» ABOUT THIS TASK
No pictures go into the output, which should consist only of the lines from the first line of the data through the line with "a large building", copied exactly.
[Opening DATA EXTRACTS section]
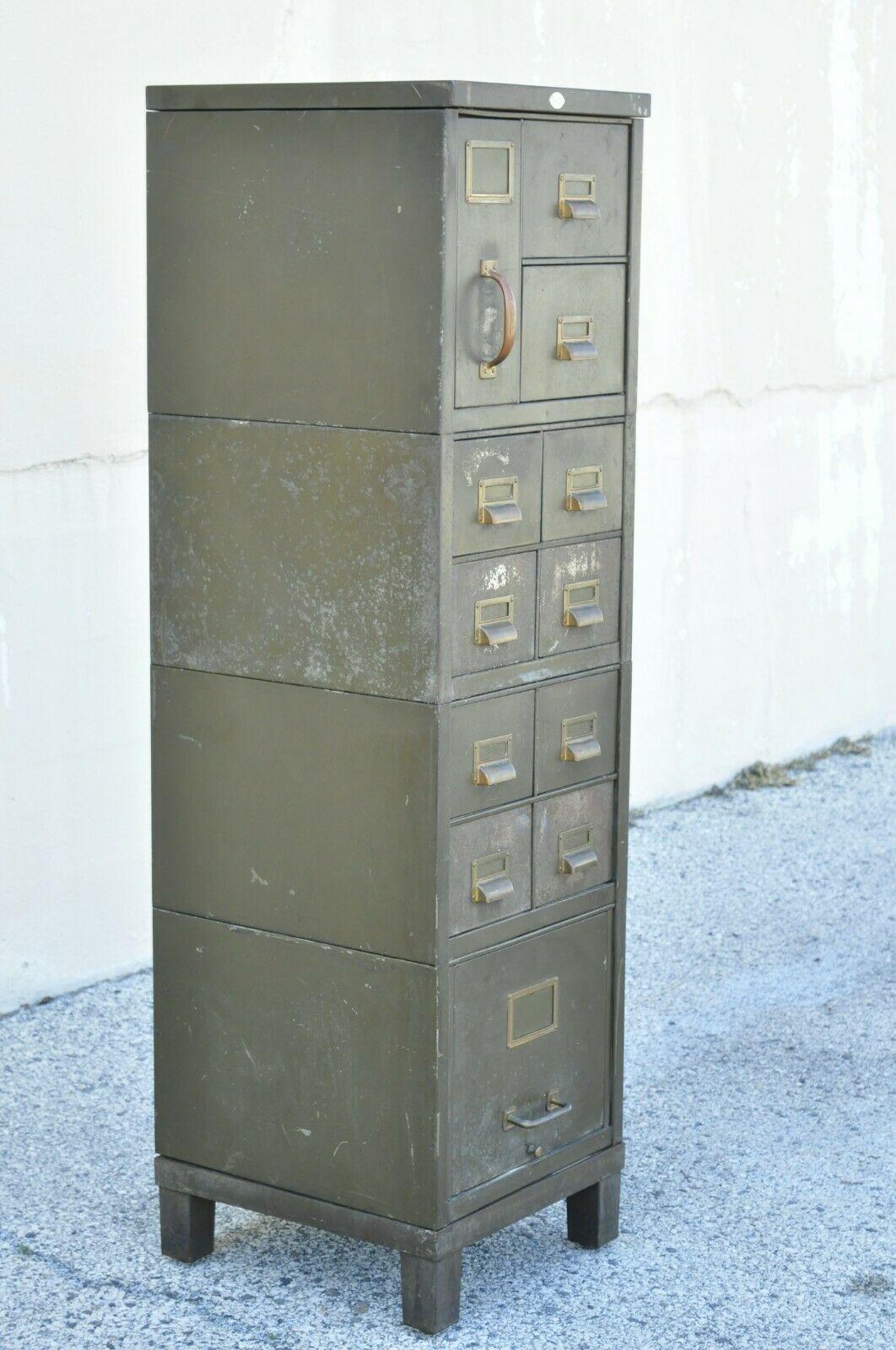 Vintage army green steel metal industrial narrow stacking file cabinet by Art Metal. Item features steel metal construction, 4 stacking file sections, original army green distressed finished, original label, 12 drawers, solid brass hardware, very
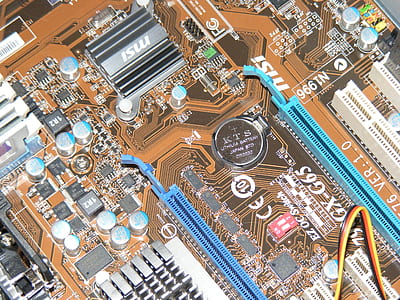 close-up photo of blue and brown computer motherboard thumbnail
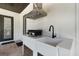 Outdoor kitchen has stainless steel appliances, a sink, and a range hood with dark wood covering the ceiling at 2645 Delphi Hills Ct, Lakeland, FL 33812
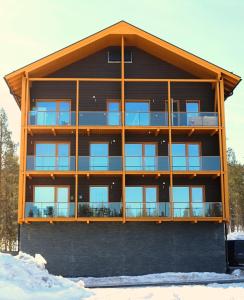 a large building with glass windows on it at Tunturinlaita D6 in Levi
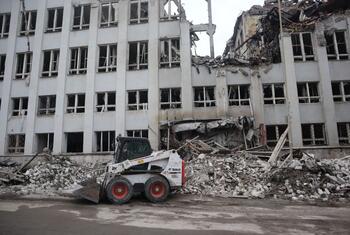 A white Bobcat skid steer loader is positioned in front of a large, multi-story building in Sloviansk, Ukraine, that has been heavily damaged with collapsed sections and shattered windows. Piles of concrete rubble and debris are scattered on the ground.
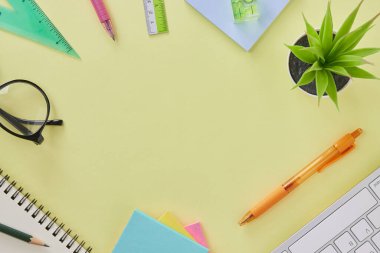 Top View veya Flat Lay Modern Ofis Masası veya Ofis Malzemeleri Klavye, Kalem, Not Defteri, Kalem, Gözlük, Cetvel, Su Seviyesi, Bitki. Sarı Minimalist Çalışma Alanı Arkaplanı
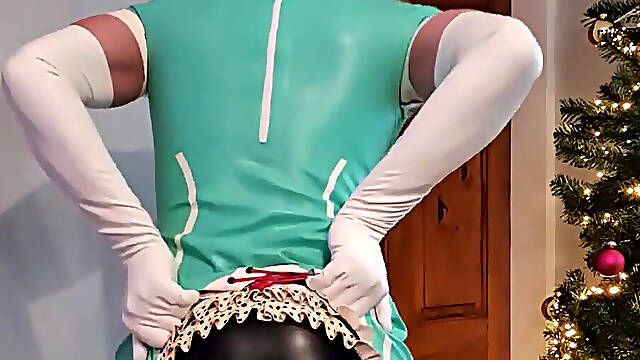 Fetish Nurse - Mint green latex dress, whitered seamed stockings, latex underwear and long white latex gloves.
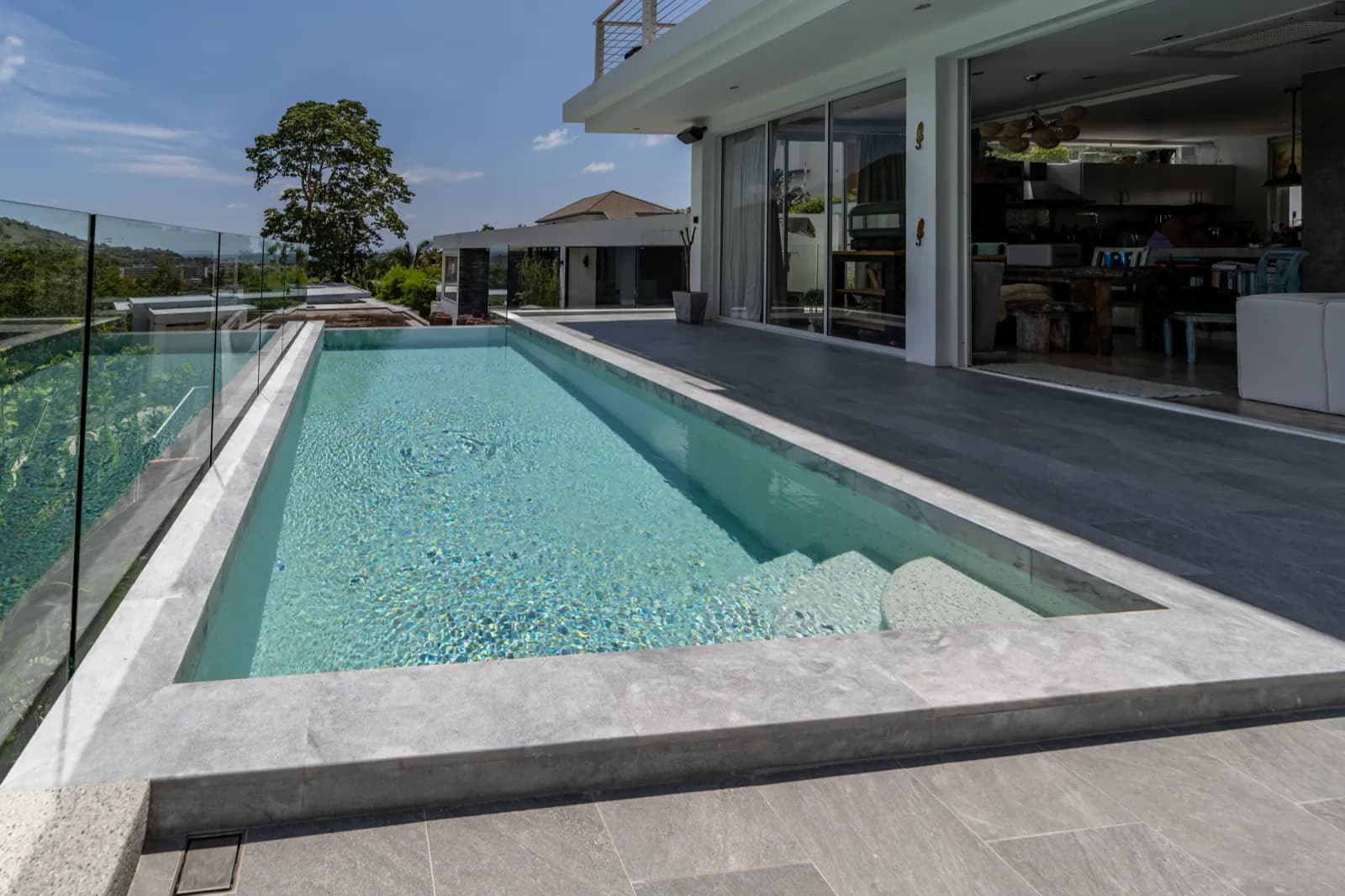 Lap pool running alongside an open-plan living room and grey stone terrace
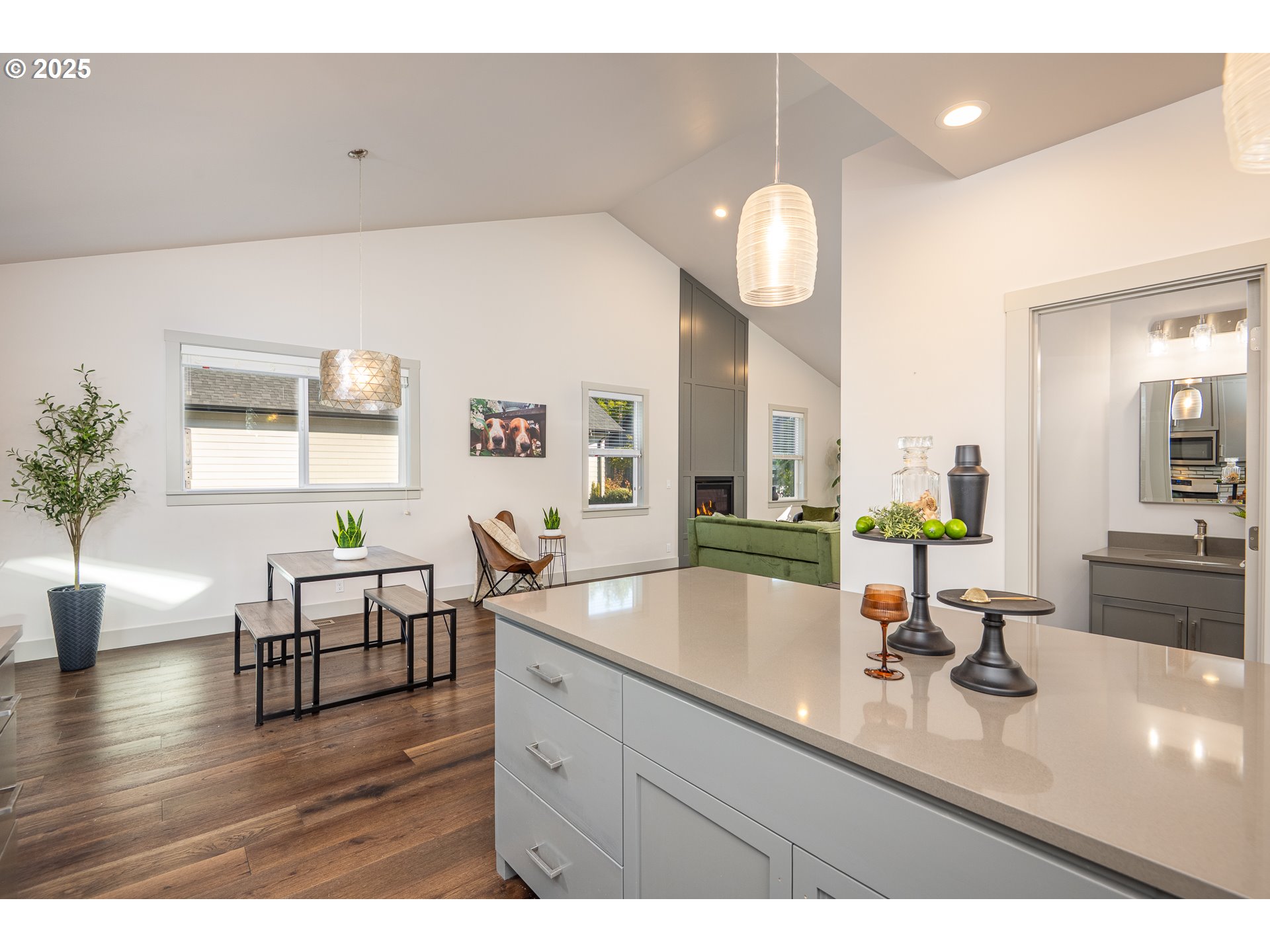3352 Zane Lane Eugene, OR 97404 - Photo 10 of 42 a bathroom with a sink a mirror and a large window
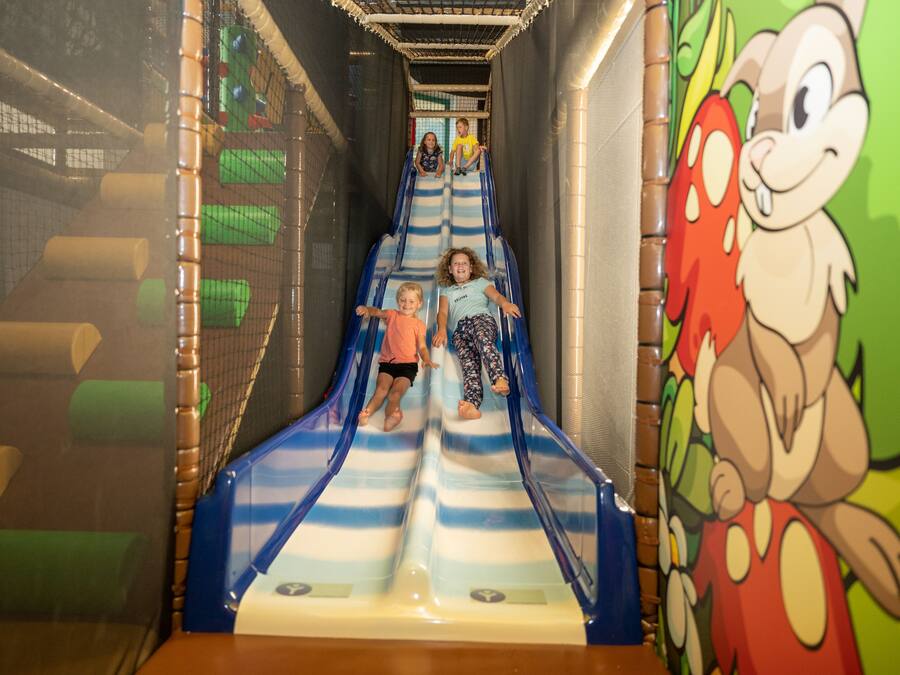 Eine Rutsche für Kinder mit Netzseiten und Wandmalerei mit Zeichentrickfiguren.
[Closing DATA EXTRACTS section]
» RESULT
 Vintage army green steel metal industrial narrow stacking file cabinet by Art Metal. Item features steel metal construction, 4 stacking file sections, original army green distressed finished, original label, 12 drawers, solid brass hardware, very
 close-up photo of blue and brown computer motherboard thumbnail
 Outdoor kitchen has stainless steel appliances, a sink, and a range hood with dark wood covering the ceiling at 2645 Delphi Hills Ct, Lakeland, FL 33812
 a large building with glass windows on it at Tunturinlaita D6 in Levi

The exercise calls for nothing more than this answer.